Мышь пискнула и юркнула за пазуху Бороды. Обсуждать с незнакомцем любимый сарафан в ромашках она явно не собиралась.
– Суседко, – неожиданно обратился следователь к Бороде, – поясни мне вот что: сколько их было, душегубов?
Борода вздрогнул и попятился.
– Степанида, он меня видит. Не шугануть ли его? – тихо спросил домовой.
– Боязно самим.
– Не бойся, Суседко, не обижу. Помоги мне, – ласково попросил следователь.
– С чего бы?
– Ты же хочешь правосудия добиться?
– Нужно мне ваше, человечье правосудие! Каши на нём не сваришь, – Борода демонстративно встал у обгорелого плетня.
– А ваше, нечистое, будто бы лучше?
Степанида вылезла из-за пазухи домового и ловко взобралась следователю на плечо. Тот улыбнулся и поднял брови, выказав внимание и уважение. Степанида зашевелила усишками, пришёптывая на ухо новому знакомцу.
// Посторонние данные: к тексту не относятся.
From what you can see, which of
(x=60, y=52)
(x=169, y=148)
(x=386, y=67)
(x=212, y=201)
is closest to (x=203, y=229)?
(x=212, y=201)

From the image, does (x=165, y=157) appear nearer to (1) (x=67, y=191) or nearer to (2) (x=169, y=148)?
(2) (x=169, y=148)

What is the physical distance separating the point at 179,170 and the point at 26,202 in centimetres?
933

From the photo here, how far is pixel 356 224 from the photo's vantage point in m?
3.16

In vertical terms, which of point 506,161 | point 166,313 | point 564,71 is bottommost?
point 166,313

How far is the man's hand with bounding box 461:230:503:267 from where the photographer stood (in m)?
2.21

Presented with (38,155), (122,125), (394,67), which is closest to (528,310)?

– У-у-у! Пройдоха! – погрозил ей Борода.
Ничего нового и необычного Степанида следователю не рассказала, только подтвердила его догадки. Разжалованному безбородому домовому места в прежнем мире не было. Но гордость не позволила бы ему задаром помогать.
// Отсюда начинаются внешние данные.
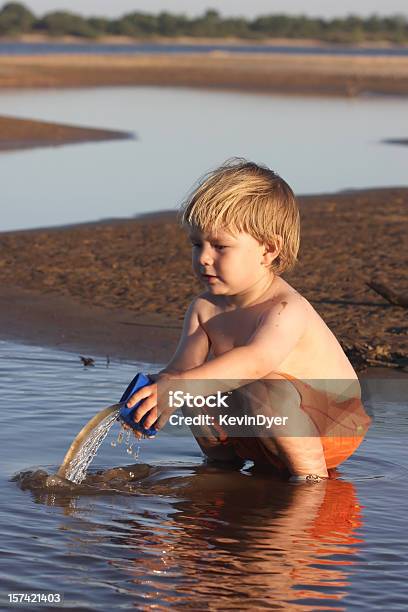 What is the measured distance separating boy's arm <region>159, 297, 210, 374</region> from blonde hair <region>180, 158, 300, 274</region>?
1.21ft

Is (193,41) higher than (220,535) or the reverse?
the reverse

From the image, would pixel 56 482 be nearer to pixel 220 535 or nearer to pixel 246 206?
pixel 220 535

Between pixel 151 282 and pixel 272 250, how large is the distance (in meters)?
4.31

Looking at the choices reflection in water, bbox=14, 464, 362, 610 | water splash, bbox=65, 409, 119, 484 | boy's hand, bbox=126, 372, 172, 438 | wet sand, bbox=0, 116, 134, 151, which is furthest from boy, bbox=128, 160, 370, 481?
wet sand, bbox=0, 116, 134, 151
Следователь хитровато усмехнулся и неожиданно разулся. Снял оба башмака. Один кинул в салон машины, а второй за шнурок проволок через весь двор, приговаривая: «Домовой, домовой, пойдём со мной в новый двор!» Второй испачканный башмак тоже закинул в салон машины… А Степанида радостно юркнула внутрь, хотя её никто не звал. И стоял теперь человек перед домовым, беззащитный и с приглашением. «Разве можно отвергнуть? Служба есть служба, закон есть закон», – подумал Борода, а для порядка сердито спросил.
– А хлеб-соль где?
– Хлеб-соль дело отплатное, – улыбнулся следователь, – печи не обещаю, полатей тоже нет, но угол найдётся. Будет что вверх дном переворачивать, найдёшь, где тень на плетень наводить.
– А что делать я буду должон?
– Сперва опишешь всё, что видел и слышал, не забудь слухи и сплетни.
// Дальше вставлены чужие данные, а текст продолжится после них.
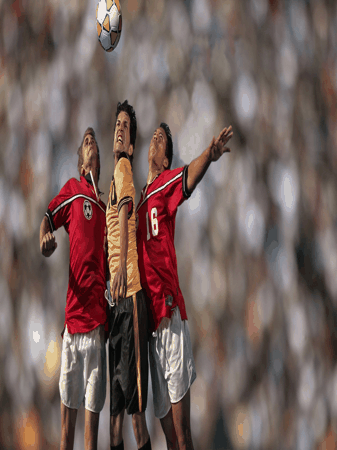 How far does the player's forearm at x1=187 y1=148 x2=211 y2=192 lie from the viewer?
160 cm

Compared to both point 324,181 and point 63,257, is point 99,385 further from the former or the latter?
point 324,181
– Да ничего я не видел и не слышал, от того из хутора изгнан и домового статуса лишён, – ответил домовой.
– А я-то, я-то? – забеспокоилась Степанида, – я тоже много чего не видела, но сплетни завсегда запоминаю. Борода без меня никак, я маруха его. Это тебе и наш водяной Тухлый подтвердит!
– Любовь – дело тонкое, понимаю, – со всей серьёзностью ответил следователь.
Борода угрюмо прощался с родиной, приложив волосатые ладони к автомобильному стеклу. Степанида весело сучила лапками, устраивая в машине гнездо из старого шарфа. Следователь чесал затылок, улыбаясь новой компании. По дороге познакомились. Следователь оказался Матвеем Ивановичем Матузковым, служил в должности следователя по особо важным делам, в чине капитана. Сказал, что подчинённых у него много, а толковых не хватает. Сетовал на то, что в одиночку на службе не справляется. Домовой молчал. Последние лет двадцать он жил, не слыша человеческой речи. Дом Плотниковых был полон лишь старыми пожелтевшими воспоминаниями. Непривычно было теперь говорить с человеком, принимать нового хозяина. Только Степанида была беспечна, как истинная женщина.
Старые ели прощально махали лапами. Многое видел хутор Кривой, но впервые на его веку человек и нечисть объединились против бессмысленной злобы, глупой утехи и горькой беды. «Что за времена настали?», – думал Матузков, а домовой про себя повторял: «Я покинул родимый дом, голубую оставил Русь. В три звезды березняк над прудом теплит матери старой грусть. Золотою лягушкой луна распласталась на тихой воде. Словно яблонный цвет, седина у меня пролилась в бороде».